Elvin Jones, for instance, is famous for having a very tight swing feel—often playing the off-beat quarter notes slightly late and closer to a sixteenth note.
Elvin’s swing style is a little more jarring and sounds like nearly straight sixteenth notes—almost like Beethoven!
If that’s confusing, just listen to his track “Half and Half” and compare it to “Moanin”—both tunes are performed swung. However, the two drummers sound completely different.
Playing “in the cracks”
This phenomenon of playing around with the timing of swing rhythms was found and pioneered during the be-bop and hard-bop era of jazz music.
Drummers, like Elvin Jones, who perfected a particular swing feel, somewhere between fully swung and fully straight was described as playing “in-the-cracks”.
This is term producers and artists use today to explain a particular way of playing.
Playing “in-the-cracks” means the swing feel is performed somewhere between a triplet and an eighth note.
So an in-the-cracks groove will rhythmically fall somewhere between the above methods of taking part in within two-quarter notes.
If you ask a drummer to play more within the cracks, you’re asking the drummer to adjust their playing to be somewhere between swung and straight–a skill that many drummers will spend tons of time if not entire careers perfecting.
In-the-cracks and hip-hop
Producers like J Dilla and modern drummers like Chris Dave and Karriem Riggins took inspiration from these jazz drumming roots and re-invented the hip-hop feel.

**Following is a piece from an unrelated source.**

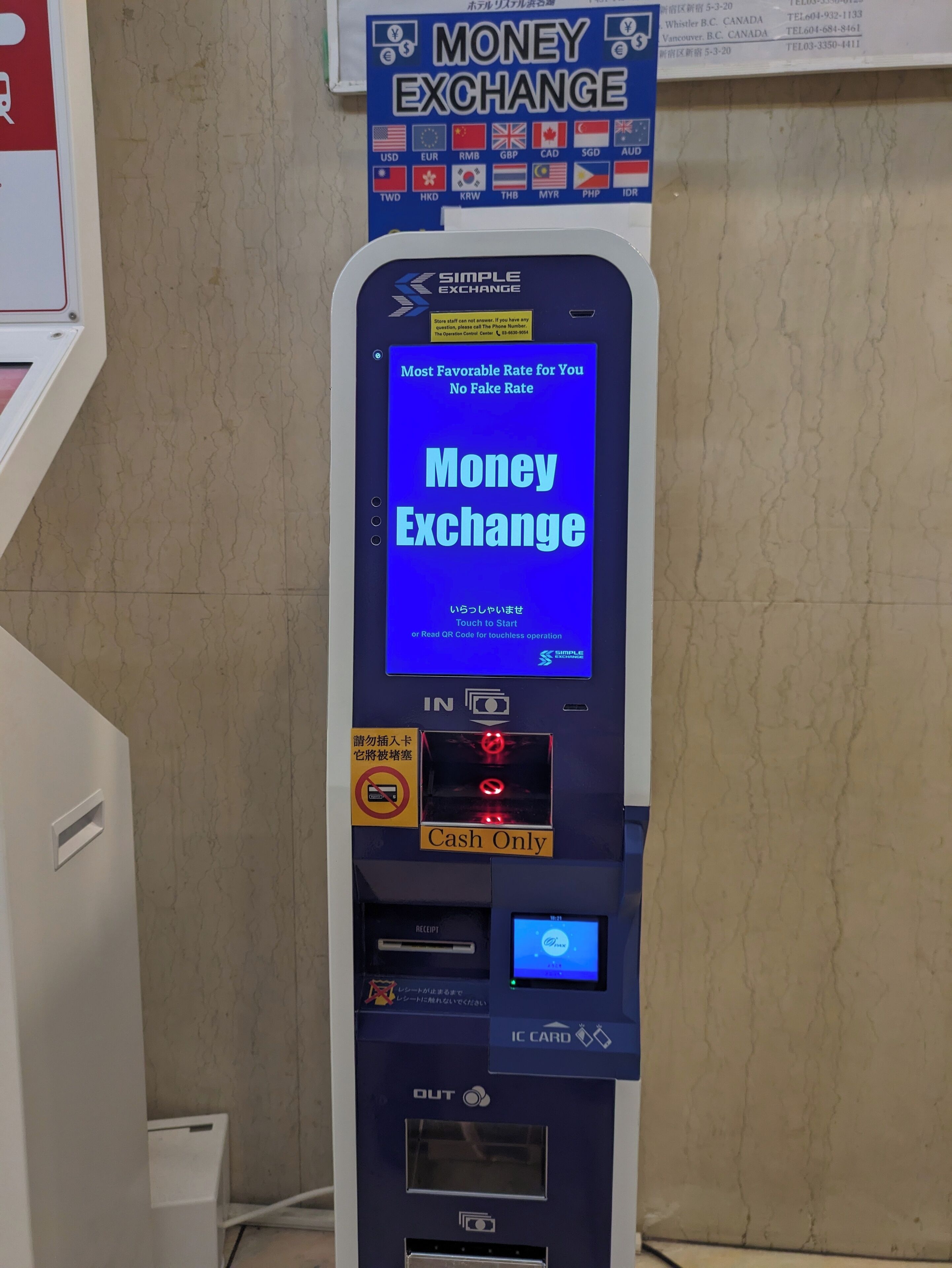 A money exchange machine with a digital screen displaying 'Money Exchange' and a sign above it listing various currencies.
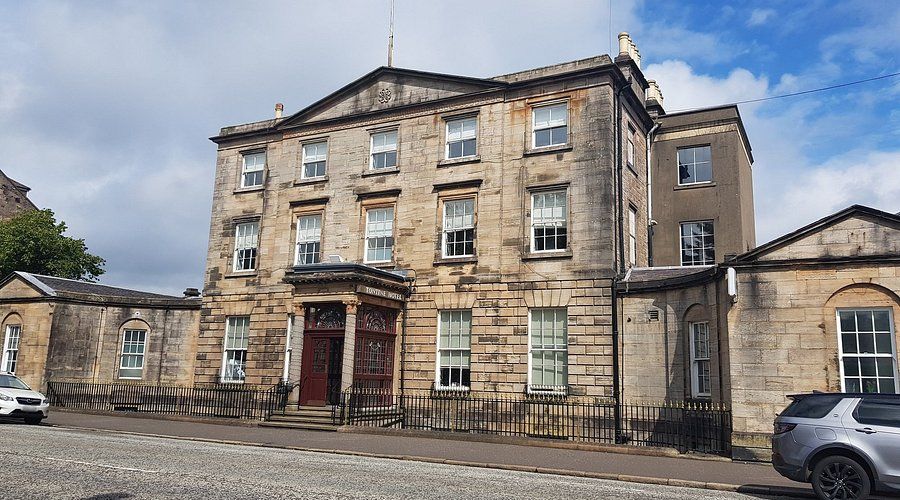 The Tontine Hotel Greenock — a large three-storey stone building with symmetrical facade, columned entrance and arched windows, corporate event venue in Inverclyde, West Scotland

Dilla was a master at putting hip-hop rhythms “in-the-cracks” to create a genre-pioneering model of hip-hop beat making.
Riggins and Dave are masters of that Dilla-Esque feel that took well-known hip-hop grooves and twisted them with off-time, “in-the-cracks” snare hits that also sound somewhat robotic and straight.
It’s a tremendous line to discover a swing feel that sounds good. But today’s jazz drummer is spending time perfecting this new modern way of feeling swing and hip-hop grooves.
Listen to have Dave is consistently playing around the beat. He’s the reason why I say drummers turn their variations on a swing into an artistic choice.